Packard presented a continuum of support for a diverse community of learners, starting with basic legal and physical access to education. We can increasingly use universal design principles — the same basic principles which allow us all to use curb cuts and automatic door openers — in our courses, to make sure that course material and activities are offered to students in accessible modes by default.
We move from basic access to inclusion by formally recognizing the assets which various people and cultures bring to the curriculum, and actively bringing those assets to the classroom. Inclusive pedagogies recognize that, no matter how equitable we try to make a class, students (and faculty) cannot just leave their backgrounds at the door. People may come into conflict because of their different backgrounds, and inclusive pedagogies anticipate that tension and try to design around it.
Packard identified three areas of pedagogy which have demonstrated connections to inclusive outcomes. Active learning approaches are known to increase student knowledge over pure lecture approaches. In part, this is because classes with a high degree of in-class problem solving provide an “apprenticeship” in learning to solve disciplinary problems. Modeling and quick feedback allow students to build both skills and confidence in those skills, which then lets them use homework time more productively. Packard also asserts that the simple act of participation in a class increases your feeling of being an active member of a community. In active learning environments, students are not only gaining the skills of the discipline, they are practicing thinking of themselves as members of the discipline (or at least of the course as a social group). This feeling of inclusion may be particularly important to members of underrepresented groups in a class.

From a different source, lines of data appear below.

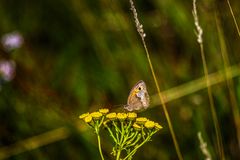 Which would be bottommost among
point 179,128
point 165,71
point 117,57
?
point 179,128

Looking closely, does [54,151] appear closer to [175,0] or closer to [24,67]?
[24,67]

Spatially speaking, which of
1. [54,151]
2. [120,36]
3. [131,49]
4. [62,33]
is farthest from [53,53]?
[54,151]

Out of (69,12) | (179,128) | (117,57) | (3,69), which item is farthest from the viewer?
(69,12)

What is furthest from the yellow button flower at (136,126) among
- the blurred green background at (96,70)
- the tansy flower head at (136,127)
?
the blurred green background at (96,70)

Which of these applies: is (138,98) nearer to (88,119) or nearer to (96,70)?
(88,119)


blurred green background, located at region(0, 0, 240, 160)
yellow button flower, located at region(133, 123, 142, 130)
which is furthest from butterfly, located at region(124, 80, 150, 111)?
blurred green background, located at region(0, 0, 240, 160)

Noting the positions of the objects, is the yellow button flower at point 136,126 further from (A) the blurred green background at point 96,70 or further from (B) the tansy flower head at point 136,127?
(A) the blurred green background at point 96,70

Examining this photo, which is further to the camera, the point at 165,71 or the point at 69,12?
the point at 69,12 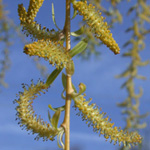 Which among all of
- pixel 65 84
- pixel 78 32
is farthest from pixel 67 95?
pixel 78 32

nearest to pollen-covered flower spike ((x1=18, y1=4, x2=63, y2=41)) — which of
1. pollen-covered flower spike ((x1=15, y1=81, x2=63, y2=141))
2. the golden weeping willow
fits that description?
the golden weeping willow

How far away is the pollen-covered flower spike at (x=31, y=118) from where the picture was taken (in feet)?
2.33

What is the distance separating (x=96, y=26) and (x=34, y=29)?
0.17 m

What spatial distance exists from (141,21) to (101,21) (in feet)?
4.14

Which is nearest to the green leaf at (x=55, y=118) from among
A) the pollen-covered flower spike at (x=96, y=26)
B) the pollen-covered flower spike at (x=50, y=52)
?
the pollen-covered flower spike at (x=50, y=52)

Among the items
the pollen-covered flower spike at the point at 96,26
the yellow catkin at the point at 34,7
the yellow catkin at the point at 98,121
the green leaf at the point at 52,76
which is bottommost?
the yellow catkin at the point at 98,121

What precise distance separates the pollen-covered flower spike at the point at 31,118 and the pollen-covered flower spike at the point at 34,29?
0.48ft

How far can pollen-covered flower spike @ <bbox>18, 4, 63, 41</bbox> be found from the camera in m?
0.76

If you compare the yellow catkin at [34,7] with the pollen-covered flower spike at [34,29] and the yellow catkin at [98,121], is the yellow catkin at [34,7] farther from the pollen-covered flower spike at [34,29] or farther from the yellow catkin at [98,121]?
the yellow catkin at [98,121]

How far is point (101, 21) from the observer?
0.76 meters

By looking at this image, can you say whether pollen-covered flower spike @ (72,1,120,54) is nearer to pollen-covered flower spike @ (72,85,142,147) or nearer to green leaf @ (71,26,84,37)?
green leaf @ (71,26,84,37)

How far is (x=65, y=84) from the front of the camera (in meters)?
0.77

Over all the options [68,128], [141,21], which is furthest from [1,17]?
[68,128]

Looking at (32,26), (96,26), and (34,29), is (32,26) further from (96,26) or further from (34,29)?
(96,26) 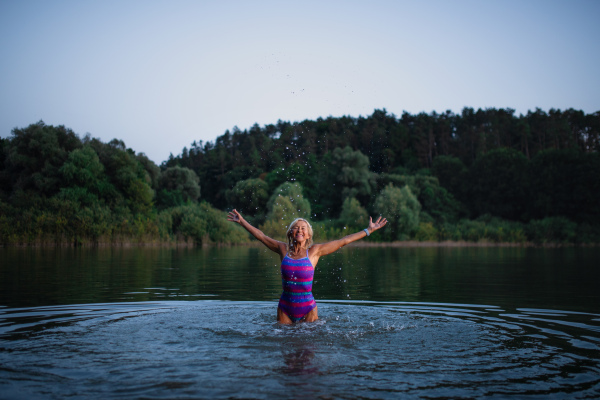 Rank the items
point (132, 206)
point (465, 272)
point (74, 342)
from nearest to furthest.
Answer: point (74, 342)
point (465, 272)
point (132, 206)

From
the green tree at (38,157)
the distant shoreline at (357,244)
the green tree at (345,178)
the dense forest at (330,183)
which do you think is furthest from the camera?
the green tree at (345,178)

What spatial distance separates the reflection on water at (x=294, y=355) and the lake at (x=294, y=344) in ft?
0.08

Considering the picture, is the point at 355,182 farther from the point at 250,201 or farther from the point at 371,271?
the point at 371,271

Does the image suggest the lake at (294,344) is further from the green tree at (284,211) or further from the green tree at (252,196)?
the green tree at (252,196)

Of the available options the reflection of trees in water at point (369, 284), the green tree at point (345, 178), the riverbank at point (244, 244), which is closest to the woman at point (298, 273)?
the reflection of trees in water at point (369, 284)

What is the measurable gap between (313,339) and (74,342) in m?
3.33

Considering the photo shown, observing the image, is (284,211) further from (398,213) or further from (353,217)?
(398,213)

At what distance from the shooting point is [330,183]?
7725 cm

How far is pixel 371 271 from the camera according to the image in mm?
22781

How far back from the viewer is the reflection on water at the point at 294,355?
5.43 m

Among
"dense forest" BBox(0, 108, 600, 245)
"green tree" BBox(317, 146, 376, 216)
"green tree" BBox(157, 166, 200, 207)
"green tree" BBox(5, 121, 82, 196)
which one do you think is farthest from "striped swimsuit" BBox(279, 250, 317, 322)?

Packard also looked at transparent teaching as a way to fill in the “expert blind spots” which can hinder communication with novice students. In transparent teaching, teachers annotate an assignment to help explain any jargon, technical terms, or assumptions in the directions. These annotations increase not only student performance, but students’ feelings of belonging in the class, confidence in their own abilities, and perceptions of the teacher’s fairness and empathy. Even annotating a single assignment has been shown to have positive effects, as students do learn to apply those definitions and expectations to future assignments.
The third pedagogical area Packard identified was the recognition of the connections between behavior and identity. How does a student come to see themselves as a successful member of a course, college, or discipline? It starts with behavior - performing their competence - but the student must process that performance to incorporate it as part of their self-concept. This process of self-recognition is significantly aided by recognition from the outside as well. Small gestures which show that faculty members saw a student showing potential in the discipline have the ability to change the way the student sees their own ability. It may take a succession of recognitions from a variety of people before students see themselves differently, and as Packard said, most of those gestures will never generate a thank-you note, but eventually, some small gesture can be the life-changing one. (It occurs to me that we never really grow out of this; as long as we continue as lifelong learners, we also struggle with “impostor syndrome” and benefit from these small acts of recognition.)
Ultimately, Packard argues that this leads to a “full participation” stage, where systems are changed with all participants at the table, instead of a dominant group granting “inclusion” to a less-powerful group. The move from “inclusion” to “full participation” therefore requires us to rebuild systems of power. Rebuilding systems, though, can’t be based on individual entrepreneurial efforts. It will require collective commitments to share priorities and support one another in departments and across campus.